Critical Valve Exercising
Critical valves are usually larger than standard reticulation valves (<250mm) and are typically installed on distribution pipelines. Critical valves are rarely operated but, should the need for their use arise, the reliance upon them to operate correctly is extremely high. As these valves are rarely used, debris (tuberculation, mineral deposits etc.) can build up on the valve’s moving parts and seal/seat sections. This can result in valves which are inoperable or hard to operate and, once shut, do not completely hydraulically isolate the section of reticulation that they are required to.
Most water providers realise the need for regular valve exercising of all reticulation valves, including critical valves, to increase the longevity of the valves and to ensure that the valves work correctly. This is typically undertaken by maintenance staff that partially operate valves with a valve key. A record is then made.

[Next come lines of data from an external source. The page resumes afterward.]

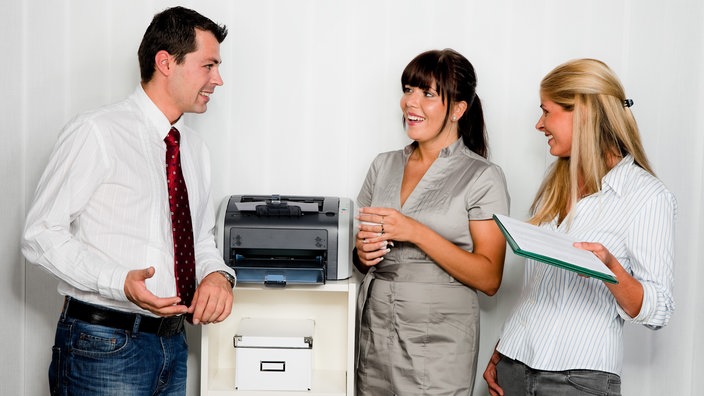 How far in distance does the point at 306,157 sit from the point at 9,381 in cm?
137

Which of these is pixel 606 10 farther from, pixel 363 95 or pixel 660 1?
pixel 363 95

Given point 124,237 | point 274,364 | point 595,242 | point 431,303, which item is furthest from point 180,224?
point 595,242

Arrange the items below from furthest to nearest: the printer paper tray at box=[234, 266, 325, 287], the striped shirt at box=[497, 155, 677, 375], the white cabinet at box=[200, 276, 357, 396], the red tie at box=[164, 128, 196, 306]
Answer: the white cabinet at box=[200, 276, 357, 396] < the printer paper tray at box=[234, 266, 325, 287] < the red tie at box=[164, 128, 196, 306] < the striped shirt at box=[497, 155, 677, 375]

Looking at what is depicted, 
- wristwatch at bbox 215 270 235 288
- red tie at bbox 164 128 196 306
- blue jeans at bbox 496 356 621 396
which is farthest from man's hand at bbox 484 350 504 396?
red tie at bbox 164 128 196 306

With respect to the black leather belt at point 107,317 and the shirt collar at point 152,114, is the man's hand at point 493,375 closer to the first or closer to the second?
the black leather belt at point 107,317

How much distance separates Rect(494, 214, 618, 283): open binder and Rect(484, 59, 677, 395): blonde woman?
0.15 metres

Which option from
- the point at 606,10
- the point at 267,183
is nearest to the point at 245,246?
the point at 267,183

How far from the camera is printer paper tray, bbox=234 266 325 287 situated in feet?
7.32

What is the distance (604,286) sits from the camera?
1853 mm

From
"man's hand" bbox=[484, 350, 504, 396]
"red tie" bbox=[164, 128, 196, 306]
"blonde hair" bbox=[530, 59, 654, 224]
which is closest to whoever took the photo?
"blonde hair" bbox=[530, 59, 654, 224]

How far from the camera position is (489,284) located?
2.17 m

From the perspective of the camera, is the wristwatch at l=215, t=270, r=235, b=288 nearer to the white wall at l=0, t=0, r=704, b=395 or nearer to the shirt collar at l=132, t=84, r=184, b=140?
the shirt collar at l=132, t=84, r=184, b=140

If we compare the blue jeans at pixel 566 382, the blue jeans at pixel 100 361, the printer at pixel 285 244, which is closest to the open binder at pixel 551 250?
the blue jeans at pixel 566 382

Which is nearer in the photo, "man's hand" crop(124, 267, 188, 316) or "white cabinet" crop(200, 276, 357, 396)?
"man's hand" crop(124, 267, 188, 316) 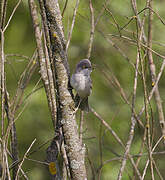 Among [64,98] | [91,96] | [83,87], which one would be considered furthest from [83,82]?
[91,96]

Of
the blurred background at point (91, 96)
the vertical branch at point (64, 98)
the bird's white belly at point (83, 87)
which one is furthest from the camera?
the blurred background at point (91, 96)

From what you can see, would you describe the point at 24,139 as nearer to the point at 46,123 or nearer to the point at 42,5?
the point at 46,123

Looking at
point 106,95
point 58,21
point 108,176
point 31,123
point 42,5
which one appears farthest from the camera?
point 106,95

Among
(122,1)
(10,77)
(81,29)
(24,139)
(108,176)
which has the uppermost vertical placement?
(122,1)

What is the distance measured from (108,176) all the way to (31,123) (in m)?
1.53

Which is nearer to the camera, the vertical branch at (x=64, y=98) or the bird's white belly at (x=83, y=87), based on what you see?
the vertical branch at (x=64, y=98)

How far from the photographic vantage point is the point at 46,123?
557 cm

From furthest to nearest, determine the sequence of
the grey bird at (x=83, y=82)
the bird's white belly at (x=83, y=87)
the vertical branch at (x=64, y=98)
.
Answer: the bird's white belly at (x=83, y=87), the grey bird at (x=83, y=82), the vertical branch at (x=64, y=98)

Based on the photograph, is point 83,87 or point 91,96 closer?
point 83,87

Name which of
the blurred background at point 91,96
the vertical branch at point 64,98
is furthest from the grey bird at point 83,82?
the blurred background at point 91,96

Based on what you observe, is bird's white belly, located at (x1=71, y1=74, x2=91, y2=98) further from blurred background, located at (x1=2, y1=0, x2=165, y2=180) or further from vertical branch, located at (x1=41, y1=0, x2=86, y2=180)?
blurred background, located at (x1=2, y1=0, x2=165, y2=180)

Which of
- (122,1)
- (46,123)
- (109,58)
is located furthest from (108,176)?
(122,1)

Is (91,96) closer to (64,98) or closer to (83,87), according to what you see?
(83,87)

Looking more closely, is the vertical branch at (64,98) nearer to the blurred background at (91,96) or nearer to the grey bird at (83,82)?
the grey bird at (83,82) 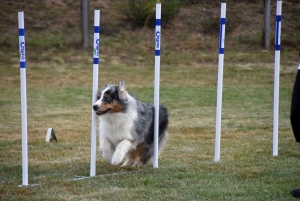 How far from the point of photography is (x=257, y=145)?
29.2ft

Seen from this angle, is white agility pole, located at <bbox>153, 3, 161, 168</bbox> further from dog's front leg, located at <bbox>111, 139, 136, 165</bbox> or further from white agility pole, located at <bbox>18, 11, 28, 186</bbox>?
white agility pole, located at <bbox>18, 11, 28, 186</bbox>

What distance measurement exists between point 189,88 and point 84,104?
312 cm

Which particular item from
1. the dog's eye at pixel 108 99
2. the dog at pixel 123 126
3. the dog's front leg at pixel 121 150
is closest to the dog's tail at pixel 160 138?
the dog at pixel 123 126

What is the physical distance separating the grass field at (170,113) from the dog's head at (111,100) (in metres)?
0.72

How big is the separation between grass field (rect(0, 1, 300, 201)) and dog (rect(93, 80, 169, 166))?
24 centimetres

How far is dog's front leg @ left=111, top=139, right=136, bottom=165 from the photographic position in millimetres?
6921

Detection Services has developed a number of dedicated vehicle mounted valve exercising systems. The main components of the system are a computer controlled, hydraulically driven exercising arm with inbuilt GPS fixing technology and a hydro/vacuum unit to remove and clear debris from valve chambers if required. All aspects of valve maintenance activities are electronically recorded and the resulting data is exported to the client. This data can then be imported into the client’s GIS (or equivalent) system and provides a detailed asset report and condition assessment rating for each valve exercised.
Detection Services’ vehicle mounted valve exercising system has a computer controlled hydraulically driven exercising arm as shown in the image below.
The hydraulic arm has the ability to deliver 750 lbft (1016 Nm) of torque directly to the valve requiring exercising.
This amount of torque is not usually required for standard valve exercising but can be used if required to free stuck valves.